About
This chip was created by Namco and contains up to eight wave channels. This chip was earlier erroneously known as Namco 106 (which is the same chip but without the audio capabilities). It was used in multiple Namco games, such as Final Lap, King of Kings, Mappy Kids and Rolling Thunder.
The chip has 128 bytes of RAM for waveform storage and channel registers. Each channel can use a wave size from 4 to 256 steps, with adjustable wave RAM position either through the instrument settings or the Zxx command.
This chip has up to 8 channels available, configurable from the module properties dialog. All channels are clocked sequentally by the chip, so the pitch range will depend on the channel count: a lower number of channels means less time taken by channels to update, which means each channel has an extended top pitch range.
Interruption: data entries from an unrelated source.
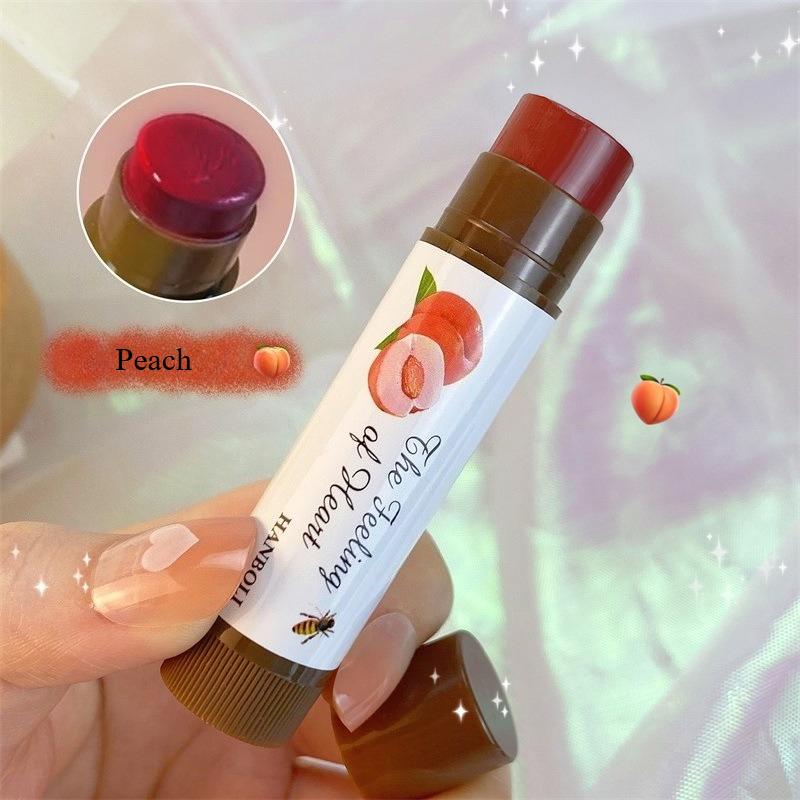 

1pcs Natural Temperature Change Color Lipstick Fruity Lip Balm Moisturizing Nourishing Lip Gloss Make Up Cosmetics peach flavor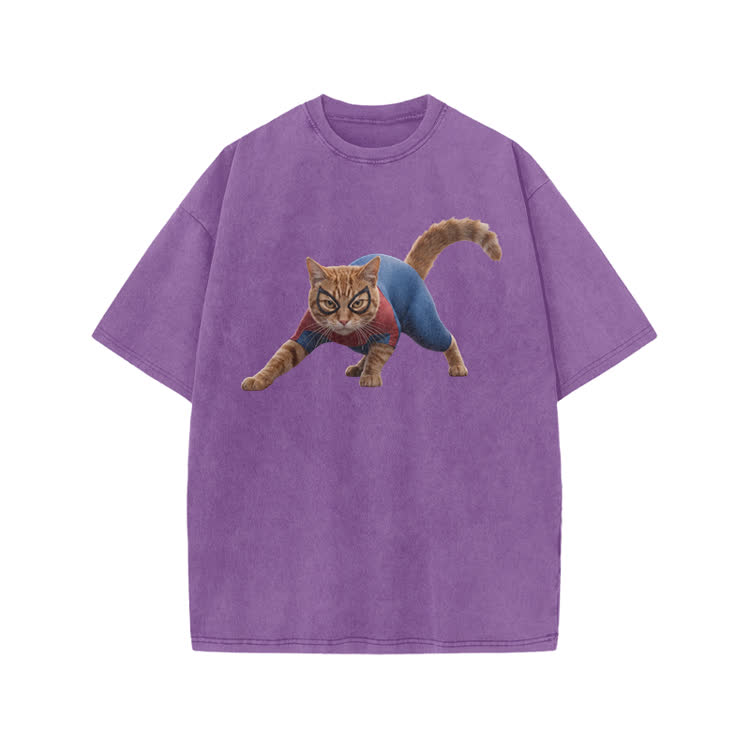 Vintage Hero Cat Graphic Print Acid Washed T-shirt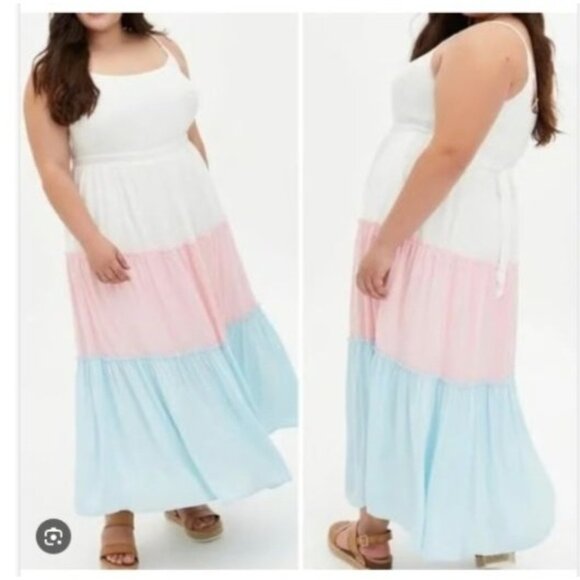Torrid White, Pink, and Blue Maxi Dress - Picture 8 of 8
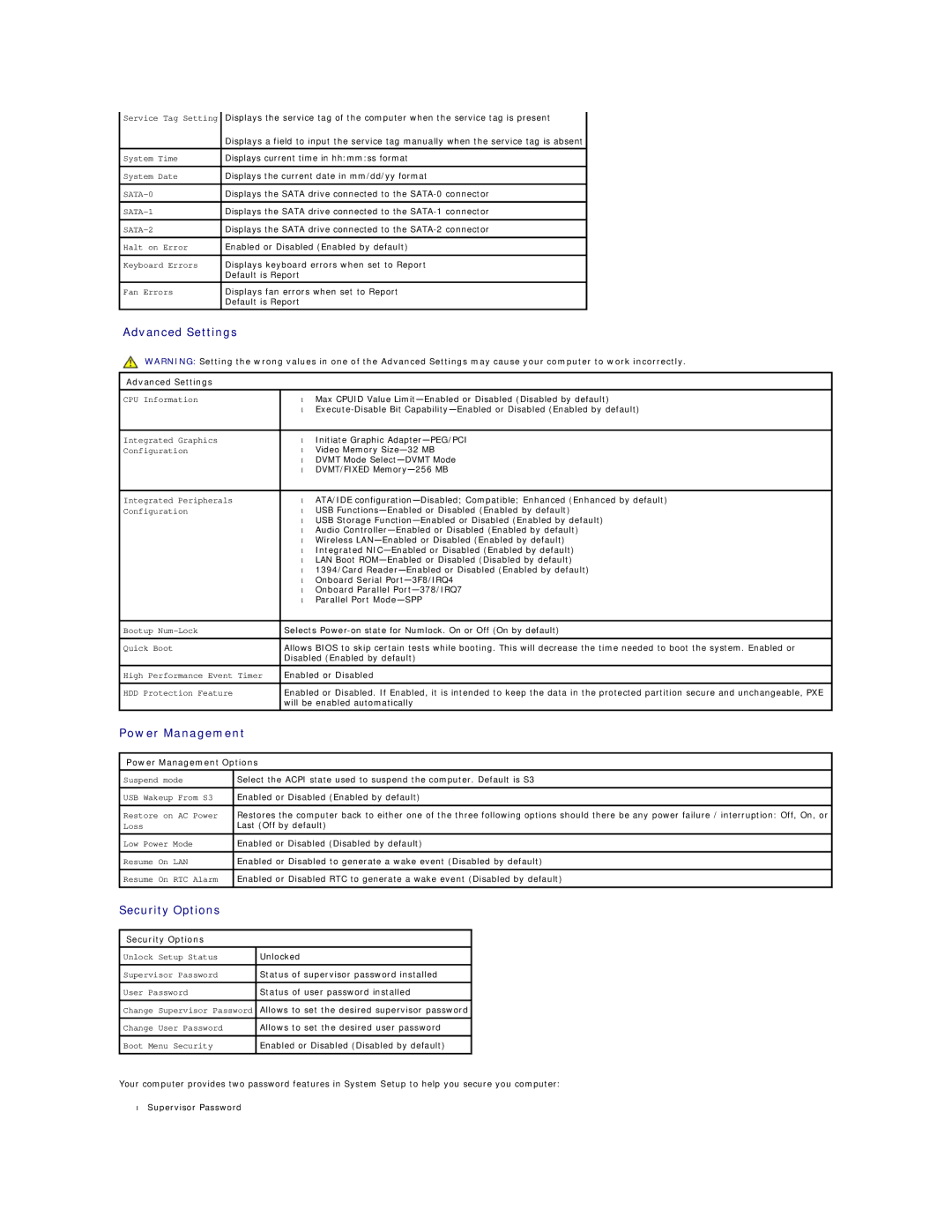 Dell 320 specifications Advanced Settings, Power Management Options, Security Options 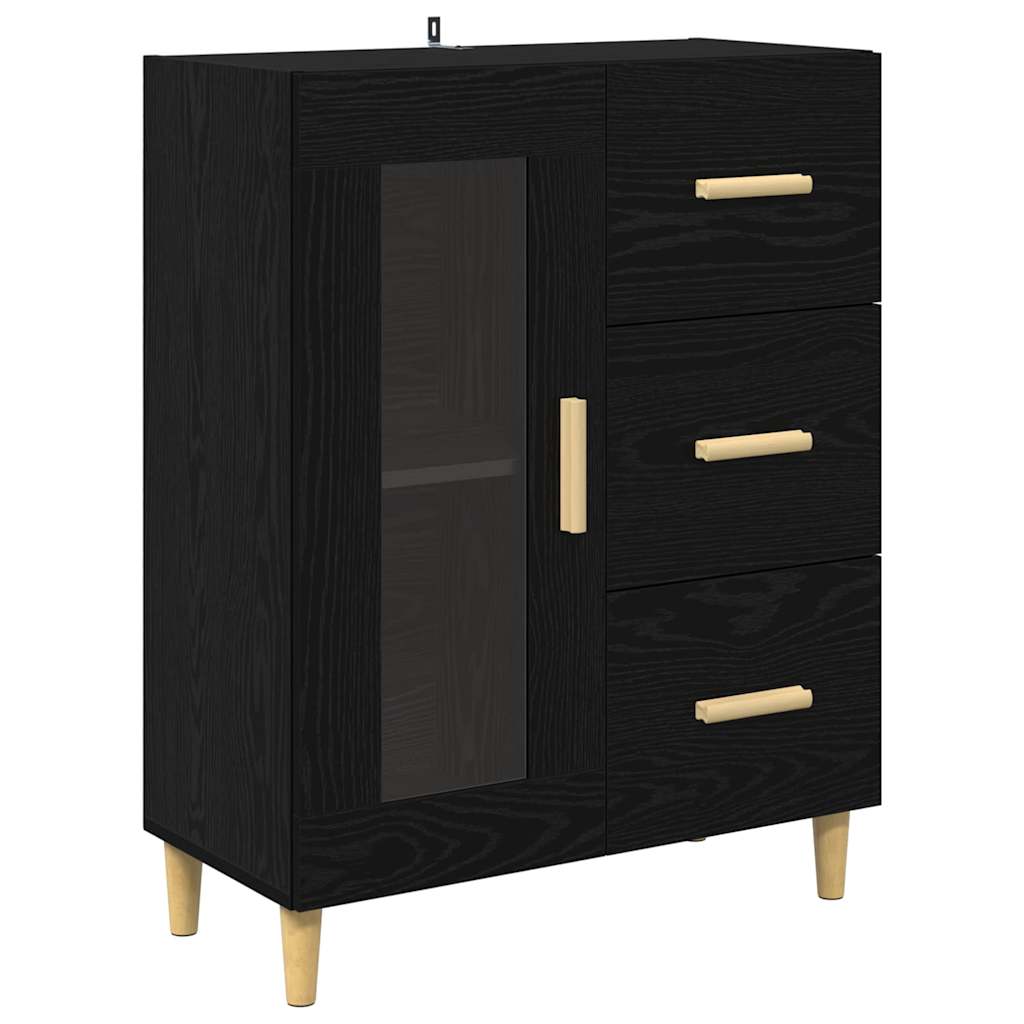 Highboard Schwarz Eichen-Optik 69,5 x 34 x 180 cm Holzwerkstoff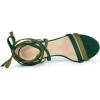 imageAllegra K Womens Open Toe Color Block Heel Lace Up SandalsGreen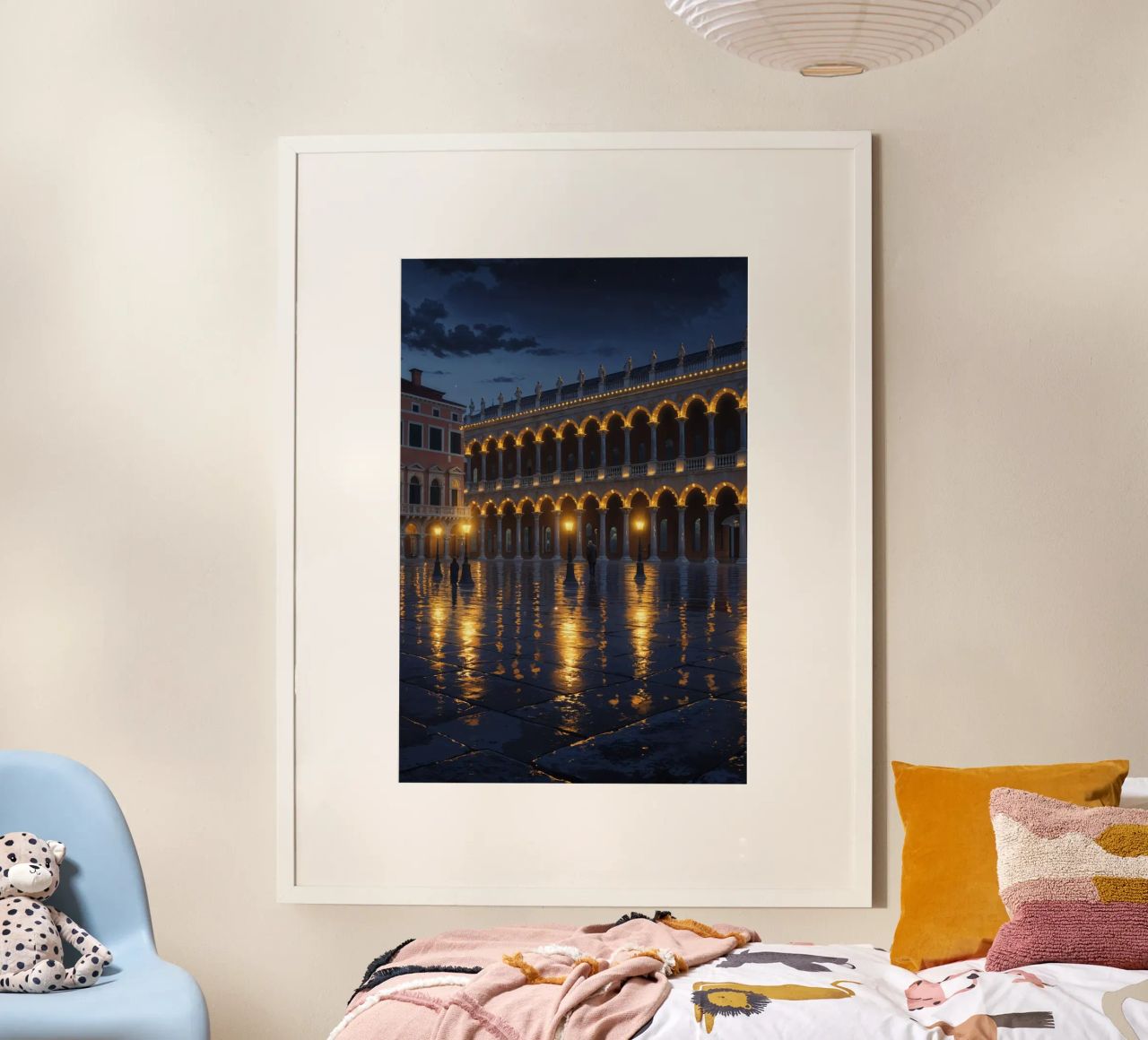 Venetian Nightscape: Illuminated Arches and Reflections Poster von AlbertKlee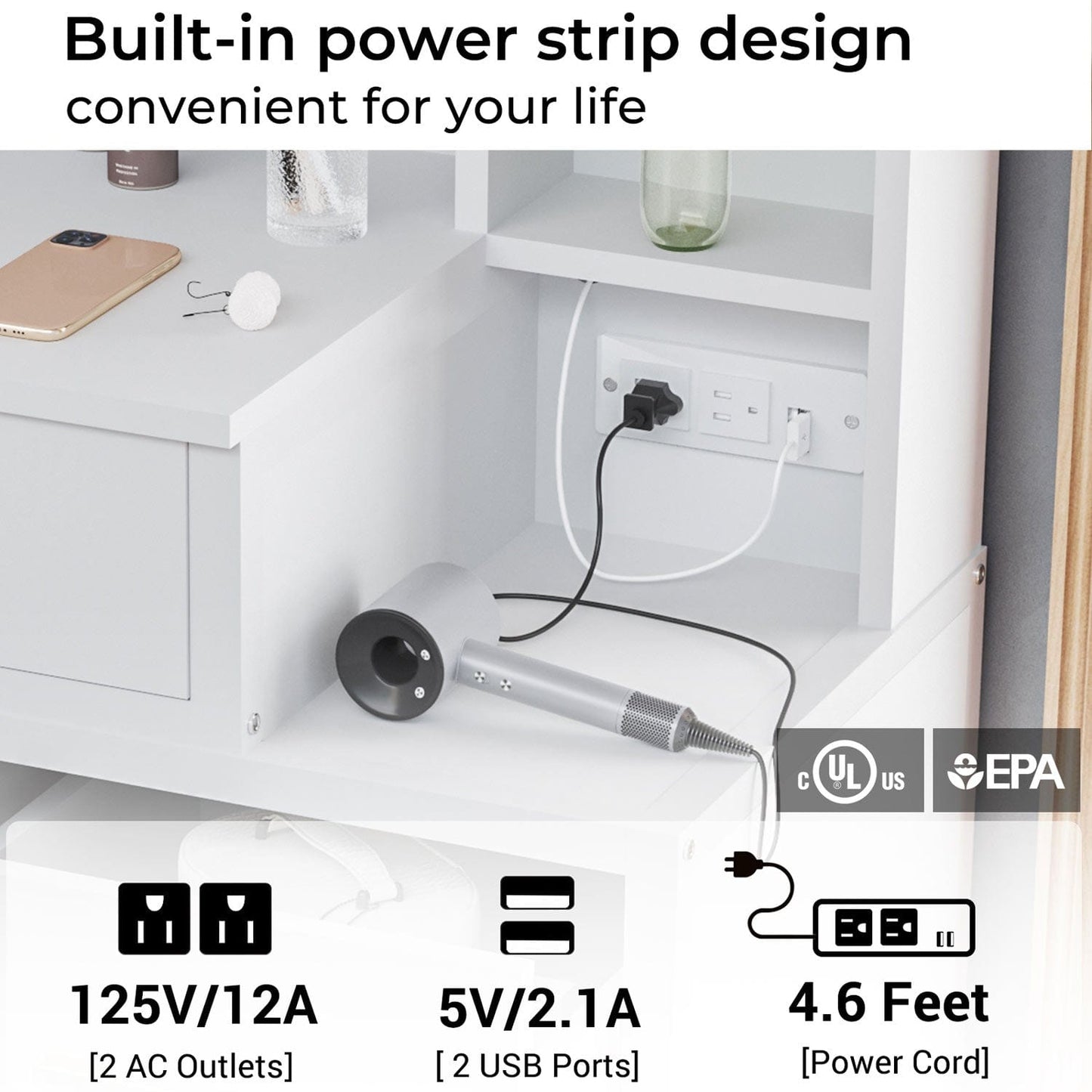 Makeup Vanity with LED Mirror Charging Station White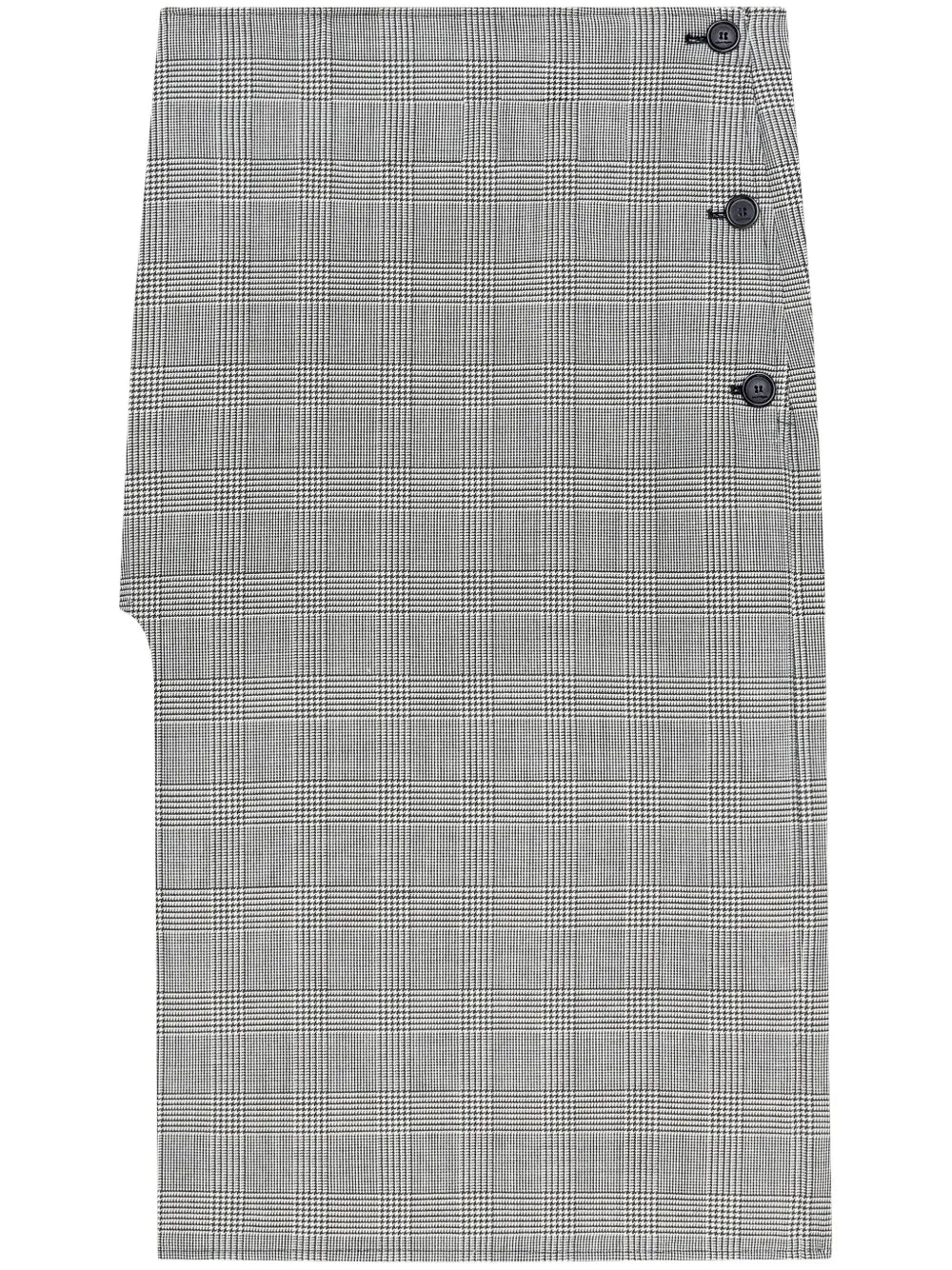 Oblique Prince Of Wales Midi Skirt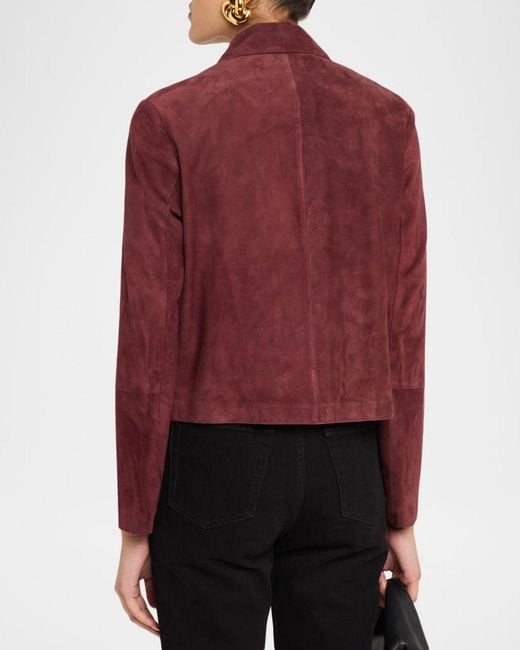 Arma Red Button-Down Suede Jacket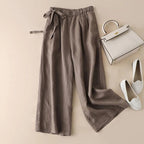 High Waist Lace-Up Cropped Pants Women's Elastic Waist Retro Cotton Casual Bottoms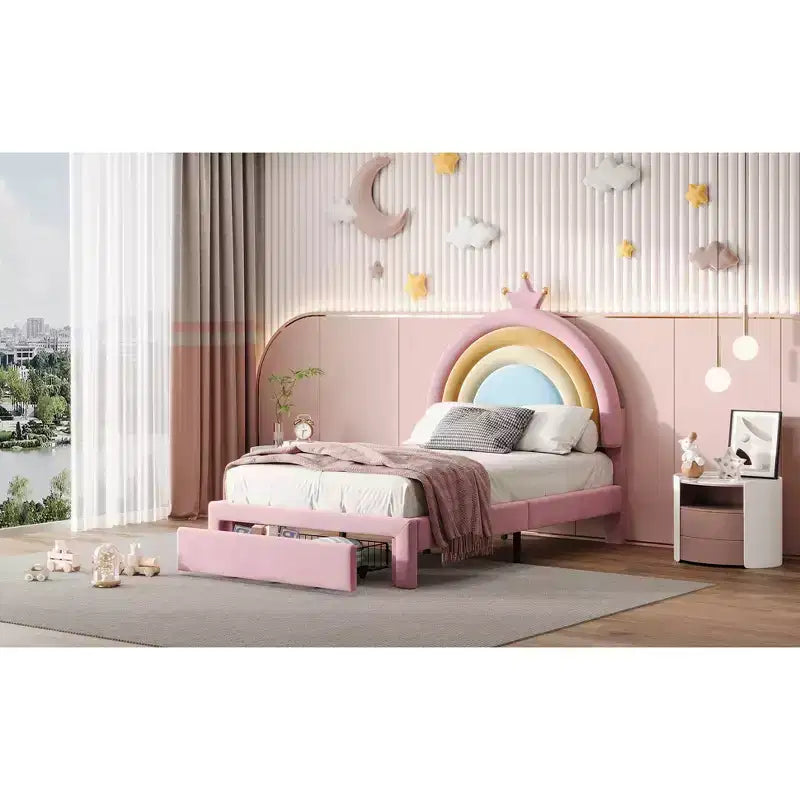 Letto da principessa arcobaleno imbottito a una piazza e mezza con cassetto portaoggetti, letto a piattaforma in velluto, colorato e rosa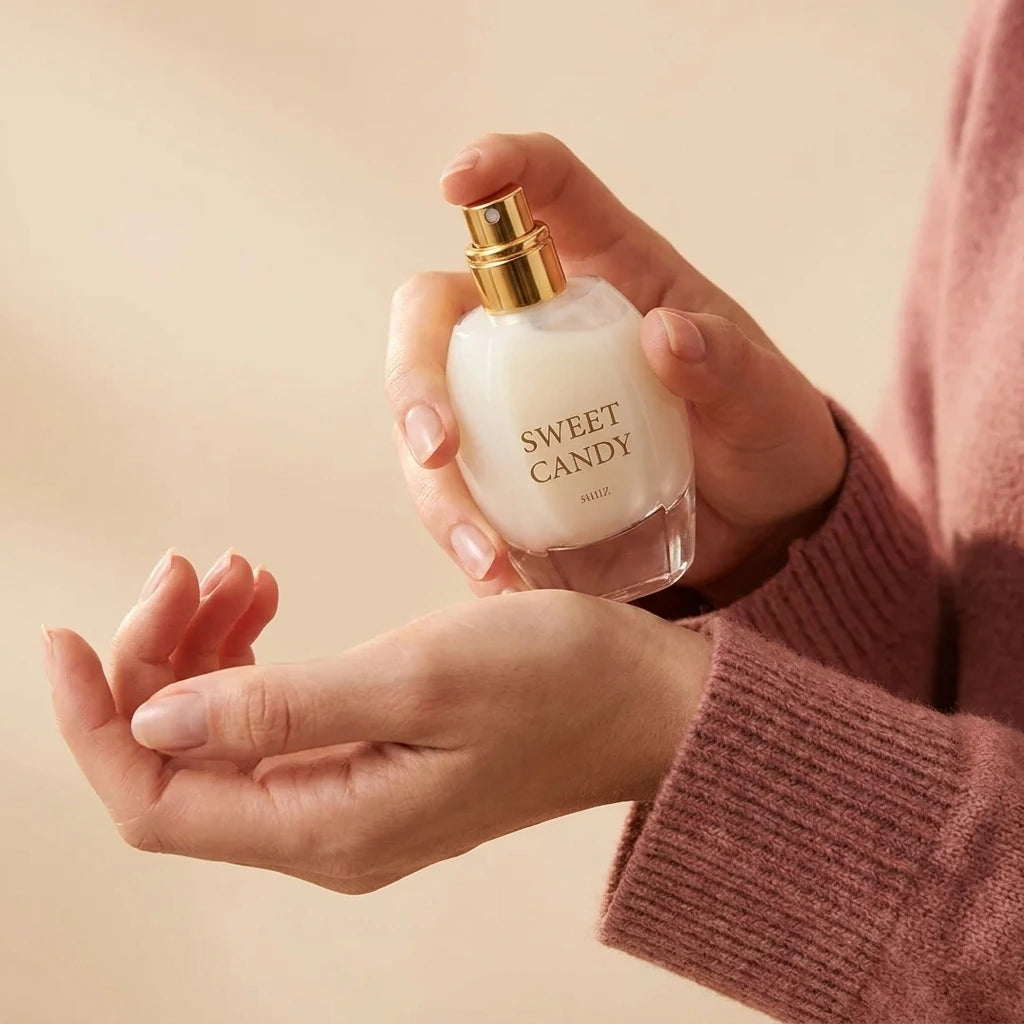Un plan serré concentré sur les mains délicates d'un mannequin femme à la peau douce, vêtue d'un pull en maille de cachemire vieux rose texturé. Ses doigts aux ongles soignés tiennent avec grâce le flacon transparent de image_30acb9.jpg, s'apprêtant à appliquer une goutte de ce musc crémeux sur le creux de son poignet. L'arrière-plan est plongé dans un flou beige ultra-lumineux. Style : Publicité de beauté intime et réconfortante. (gemini-3-pro-image-preview)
More channels will also increase the effects of aliasing since this chip uses phase accumulation for tone generation.
The DAC is also shared by all channels in the same sequential manner. The rate for this channel switching is around 120 kHz, which means that when all 8 channels are enabled, there will be audible channel switching noise at 15 kHz (or 17 kHz when 7 channels are enabled). Some Namco carts do have a LP filter to deal with this, but it did little to alleviate the high pitched noise, so it's still very audible. To avoid this, either disable multiplexing in the emulation configuration settings, or use a sufficient lowpass filter in the emulation configuration settings.
Instruments
Envelopes
Namco instruments has an envelope editor that behaves like 2A03, with the exception for an extra wave setting.
See 2A03 instruments for more information.
Wave
This tab is used to define waves for the instrument, the wave editor is the same as used for FDS except that only 16 levels are available and the wave size is customizable. Like for FDS, a few presets are available.
Up to 64 different waves can be stored in the same instrument, and the wave to actually use is controlled by the wave envelope setting or the Vxx effect. Only one wave is uploaded the the wave memory at a time.
The location in the wave memory is customizable, and the user is responsible for being sure that no instruments tries to use the same memory position simultaneously! For example, two instruments that uses wave position 0 cannot be used at the same time, but can be used at different times. Two instruments that uses wave position 0 and 32 can be used simultaneously.
The instrument editor will suggest wave positions depending on the wave size.
Also be aware that the pitch table is calculated with 32 steps waves in mind, so waves that are not a power of two in size will be out of tune.